Alas, the case may not be completely done yet.
While SCOTUS sided with Google on the specifics of this case, the Court also stated: "To decide no more than is necessary to resolve this case, the Court assumes for argument's sake that the copied lines can be copyrighted, and focuses on whether Google's use of those lines was a 'fair use.'"
So, rather than deciding that APIs can not be de jure copyrighted, SCOTUS ruled that Google was in the right because of the "Copyright Act's fair use provision … The nature of the work at issue favors fair use."
Or, as SCOTUS Justice Stephen Breyer put it in the October hearing, "You didn't have to have a QWERTY keyboard on typewriters at the beginning. … But my God, if you let somebody have a copyright on that now, they would control all typewriters, which really has nothing to do with copyright."
As US District Court of Northern California judge William Alsup, one of the few judges who's also a programmer, who ruled in Google's favor years ago, wrote: An API is merely "a long hierarchy of over six thousand commands to carry out pre-assigned functions. For that reason, it cannot receive copyright protection -- patent protection perhaps -- but not copyright protection." Oracle lost its Java patent lawsuit long ago.
Historically, almost no one ever argued APIs could be copyrighted. While valuable, there's nothing creative about an API. It just spells out how external programs can work with the program or service. Uri Sarid, CTO of software integration company MuleSoft, wrote about this case several years ago. "APIs are quite utilitarian, like an ATM machine's operation: Slide your card here, punch your code there, select from a menu, and expect cash in return," Sarid said. "How could that be copyrighted?"
Heck, even Microsoft, no friend of Google, agreed with Google. In its amicus curiae SCOTUS filing, Microsoft stated programmers rely on "sharing, modifying, and enhancing previously developed code to create new products and develop new functionality." Without the ability to reuse functional code to create new things, "innovative follow-on development will be compromised." Indeed.
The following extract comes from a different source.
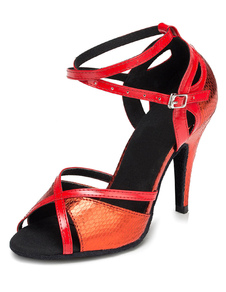 Sandales rouges danse coupé PU talons pour femmes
Breyer delivered the opinion of the Court. He was joined by Chief Justice Roberts and Sotomayor, Kagan, Gorsuch, and Kavanaugh. Justice Thomas and Alito stood against the decision. The new Justice Barret hadn't been on the Court when the trial was heard and didn't participate in the decision.
So, while this decision doesn't directly rule out that APIs can be copyrighted, it does make it clear that under the fair use doctrine, you can't stop other developers from freely using your APIs to build new programs. In other words, programmers can continue to use APIs in their projects just as they have for decades before.